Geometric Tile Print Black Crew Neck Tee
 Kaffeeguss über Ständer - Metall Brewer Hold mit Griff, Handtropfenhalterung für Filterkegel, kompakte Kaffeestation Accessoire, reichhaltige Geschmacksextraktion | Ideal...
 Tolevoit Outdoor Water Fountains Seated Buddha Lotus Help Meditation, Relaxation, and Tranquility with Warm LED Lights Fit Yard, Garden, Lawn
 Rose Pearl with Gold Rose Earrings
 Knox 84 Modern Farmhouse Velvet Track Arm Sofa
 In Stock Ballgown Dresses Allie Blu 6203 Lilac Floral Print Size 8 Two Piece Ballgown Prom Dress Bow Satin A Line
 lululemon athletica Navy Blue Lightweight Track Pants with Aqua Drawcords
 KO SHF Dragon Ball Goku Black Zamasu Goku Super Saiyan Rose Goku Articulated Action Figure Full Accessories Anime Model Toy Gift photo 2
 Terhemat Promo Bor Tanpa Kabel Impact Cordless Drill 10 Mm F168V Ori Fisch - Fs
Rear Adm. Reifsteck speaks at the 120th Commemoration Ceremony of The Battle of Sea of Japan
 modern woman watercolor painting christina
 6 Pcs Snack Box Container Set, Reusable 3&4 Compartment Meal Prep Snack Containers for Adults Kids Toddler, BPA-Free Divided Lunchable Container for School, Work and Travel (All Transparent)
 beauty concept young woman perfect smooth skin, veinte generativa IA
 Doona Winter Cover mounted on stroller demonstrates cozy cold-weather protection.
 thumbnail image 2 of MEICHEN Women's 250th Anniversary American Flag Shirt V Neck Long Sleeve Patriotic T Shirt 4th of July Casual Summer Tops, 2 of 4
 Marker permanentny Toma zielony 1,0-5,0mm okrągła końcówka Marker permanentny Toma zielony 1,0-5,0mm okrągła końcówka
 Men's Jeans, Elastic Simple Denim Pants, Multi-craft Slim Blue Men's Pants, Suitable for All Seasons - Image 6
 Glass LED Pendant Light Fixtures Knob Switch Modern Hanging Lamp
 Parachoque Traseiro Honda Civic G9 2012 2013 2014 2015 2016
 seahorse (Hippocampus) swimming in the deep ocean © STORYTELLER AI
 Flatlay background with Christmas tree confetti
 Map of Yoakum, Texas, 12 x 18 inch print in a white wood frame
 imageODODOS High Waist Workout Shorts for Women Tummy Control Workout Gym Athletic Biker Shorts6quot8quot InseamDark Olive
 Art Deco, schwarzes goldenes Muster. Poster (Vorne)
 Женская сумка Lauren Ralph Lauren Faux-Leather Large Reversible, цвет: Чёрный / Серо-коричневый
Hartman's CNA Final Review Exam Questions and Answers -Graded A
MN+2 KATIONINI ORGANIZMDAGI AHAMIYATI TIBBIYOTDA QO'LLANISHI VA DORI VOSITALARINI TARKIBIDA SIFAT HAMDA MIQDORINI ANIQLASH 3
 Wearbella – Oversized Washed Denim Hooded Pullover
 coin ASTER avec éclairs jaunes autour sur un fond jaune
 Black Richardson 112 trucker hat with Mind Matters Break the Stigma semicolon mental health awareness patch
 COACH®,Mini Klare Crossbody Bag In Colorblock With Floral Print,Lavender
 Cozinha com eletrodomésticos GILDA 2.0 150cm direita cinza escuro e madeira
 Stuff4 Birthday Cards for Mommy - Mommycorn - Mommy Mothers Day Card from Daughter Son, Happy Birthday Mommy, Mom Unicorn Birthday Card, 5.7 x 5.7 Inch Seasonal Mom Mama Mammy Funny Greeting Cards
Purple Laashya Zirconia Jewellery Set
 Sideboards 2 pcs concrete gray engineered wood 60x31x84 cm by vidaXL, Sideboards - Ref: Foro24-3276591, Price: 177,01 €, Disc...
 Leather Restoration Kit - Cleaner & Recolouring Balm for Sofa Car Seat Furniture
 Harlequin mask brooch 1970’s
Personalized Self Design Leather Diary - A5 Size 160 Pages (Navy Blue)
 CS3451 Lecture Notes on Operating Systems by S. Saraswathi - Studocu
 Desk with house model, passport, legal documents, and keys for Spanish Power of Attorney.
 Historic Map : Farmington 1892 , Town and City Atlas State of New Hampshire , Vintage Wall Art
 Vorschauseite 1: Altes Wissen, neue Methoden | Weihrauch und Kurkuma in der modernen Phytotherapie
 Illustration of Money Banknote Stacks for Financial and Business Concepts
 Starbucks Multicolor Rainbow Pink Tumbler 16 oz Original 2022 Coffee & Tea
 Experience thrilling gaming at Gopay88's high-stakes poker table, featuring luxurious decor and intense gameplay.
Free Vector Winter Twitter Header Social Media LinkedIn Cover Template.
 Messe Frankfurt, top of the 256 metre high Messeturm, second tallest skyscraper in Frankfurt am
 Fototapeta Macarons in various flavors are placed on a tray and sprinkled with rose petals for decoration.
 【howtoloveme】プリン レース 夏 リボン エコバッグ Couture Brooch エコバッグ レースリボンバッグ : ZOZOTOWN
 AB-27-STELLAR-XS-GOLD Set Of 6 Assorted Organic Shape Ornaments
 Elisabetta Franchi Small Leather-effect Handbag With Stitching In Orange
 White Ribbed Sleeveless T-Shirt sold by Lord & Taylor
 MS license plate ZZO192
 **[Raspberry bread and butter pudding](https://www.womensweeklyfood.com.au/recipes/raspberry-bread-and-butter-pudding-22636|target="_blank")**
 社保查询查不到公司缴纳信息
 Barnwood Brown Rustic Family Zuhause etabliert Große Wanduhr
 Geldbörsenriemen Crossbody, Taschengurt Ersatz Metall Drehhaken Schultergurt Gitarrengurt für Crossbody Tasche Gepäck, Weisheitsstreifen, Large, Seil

——————————

> **PROMPT**
Go through the listing, and whenever a line contains the string "Winter", copy that line.

> **RESPONSE TO THE TASK**
 Doona Winter Cover mounted on stroller demonstrates cozy cold-weather protection.
Free Vector Winter Twitter Header Social Media LinkedIn Cover Template.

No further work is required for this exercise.